Inspired Living In A Bathrobe
I didn’t even get dressed for most of the day Thursday; I hung around in my bathrobe reading Stephen King’s short story collection Everything’s Eventual while waiting for the UPS man to show up with a package.
Yes, I had all sorts of duties to attend to but I just didn’t have the spirit or energy to do any of it.
After any victory I feel letdown. I expected to spring back with renewed energy within a week of getting Glog finally published, but instead I feel too sluggish to ever want to write another word.
You know the feeling?
It’s sort of like the way I feel on Christmas night; the presents have been opened, the feast celebrated, the guests have left, the football games have been won or lost, the worst of the debris picked up – then you crash.
That’s me and writing.
I know what my next project is but my exhilaration is drained and I’m reluctant to touch it.

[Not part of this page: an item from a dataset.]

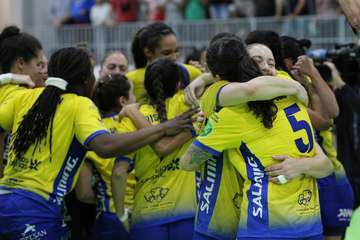 El Rocasa logra por primera vez en su historia el título liguero (Foto Acfi Press y TA)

Last week my eldest daughter offered to carpet our bedroom with some brand new carpet left over from her new home. The carpet in our bedroom has been there for over ten years and shows a bit of wear… but the thought of disrupting our life and moving furniture and extensive cleaning dismayed us. Ginny and I turned down Jennifer’s offer.

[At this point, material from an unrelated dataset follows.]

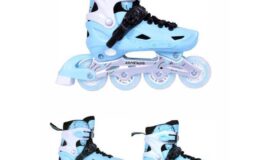 Αυξομειούμενα Πατίνια/Roller Skates/Παγοπέδιλα 3 σε 1 - Μέντα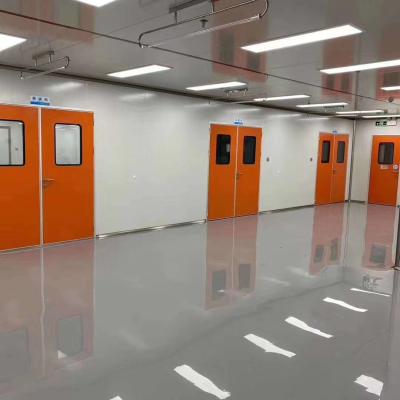China Sterile Customized Dimension ISO Clean Rooms For Food Beverage Packaging for sale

The old carpet’s not going anywhere, neither are we.
Thursday afternoon a neighbor called asking me to look at a workbench he is taking out because of extensive renovations to his house. I can have it if I want. It is a beautiful, sturdy, solid workbench… but the thought of all the labor I’d have to do to clear an area and transfer it to our house daunts me.

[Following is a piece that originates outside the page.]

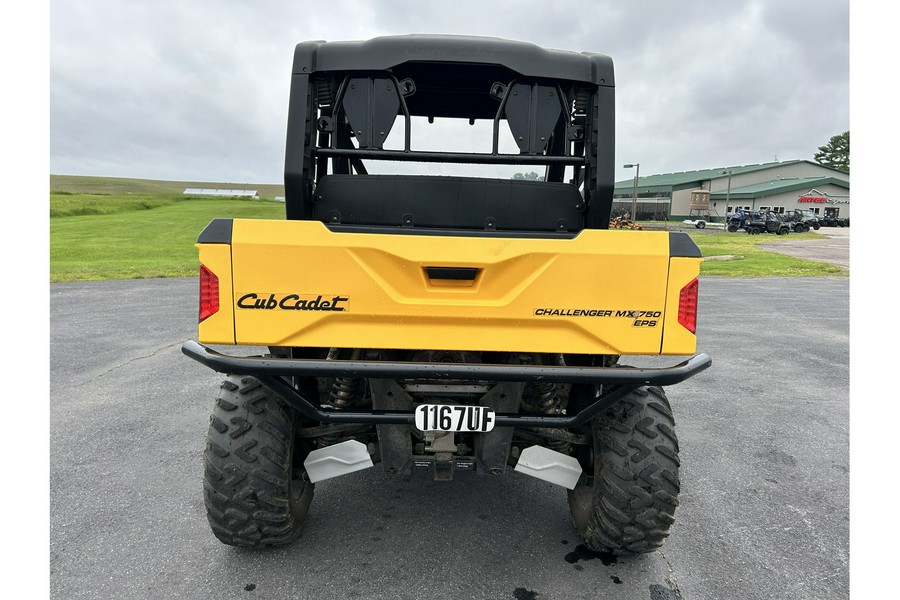 2019 Cub Cadet MX 750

I feel too bone weary and depleted to even want to improve our own home.
I feel as though I’ve been whipping a dead horse to make him trot a few more miles.
Hey, I’ve reached a point where Stephen King stories cheer me up.
What I need to do is get off my lazy ass, get dressed, and get to work.
Over the years I’ve found the best help in my own Christian life is to learn about the lives of other Christians in their struggles.
About 15 years ago InterVarsity Press published one of my books which they titled People Whose Faith Got Them Into Trouble. Sales proved less than spectacular and the English language edition soon went out of print and the rights reverted to me -- although the book was picked up and translated by foreign publishers and I think it is still available in German, Afrikaans and Philippine editions.
Over the years I’ve added several chapters on people who inspire me. The new chapters just about double the size of the book So that is my next writing project, i.e. to restructure those biographical profiles and re-issue the book under my own title, Strangers On The Earth.
That’s what I’m working on (or should be) at the moment.
The title comes from a phrase in the New Testament Letter to the Hebrews, “These all died in faith, not having received the promises, but having seen them afar off … They were pilgrims and strangers on the earth”.
One of the women profiled in the book is Madam Jeanne Guyon, a lady who lived in the time of King Louis XIV, one of the most corrupt courts ever in Europe. The link is to my profile of her life.
I view this lady with awe. If anybody anywhere ever earned the right to lounge around in a bathrobe all day and mope, it would have been her.
But she didn’t.
Her life inspires me to wrestle on in faith, to claim victory in Jesus, to win the lost, to challenge the devil in his lair --- or at least to go ahead and get dressed for today.
Some days, even when you feel inspired, getting dressed is all you can manage.
Please, visit my website for more www.cowart.info and feel free to look over and buy one of my books www.bluefishbooks.info
posted by John Cowart @ 4:51 AM
4 Comments:
Thank you, John. I needed that today.
Sometimes, hanging in your bathrobe reading is the best way to conjure up the energy for your next big thing. It's always good to regroup before getting started again.
If you were running strong constantly you'd have been burned out long ago.
I hope inspiration hits you soon, and that Wilma has mercy on you.
I suppose I could use a swift kick in the ass too, John. I'm not reading King (yet), but I have felt less than inspired to do just about anything more than necessary!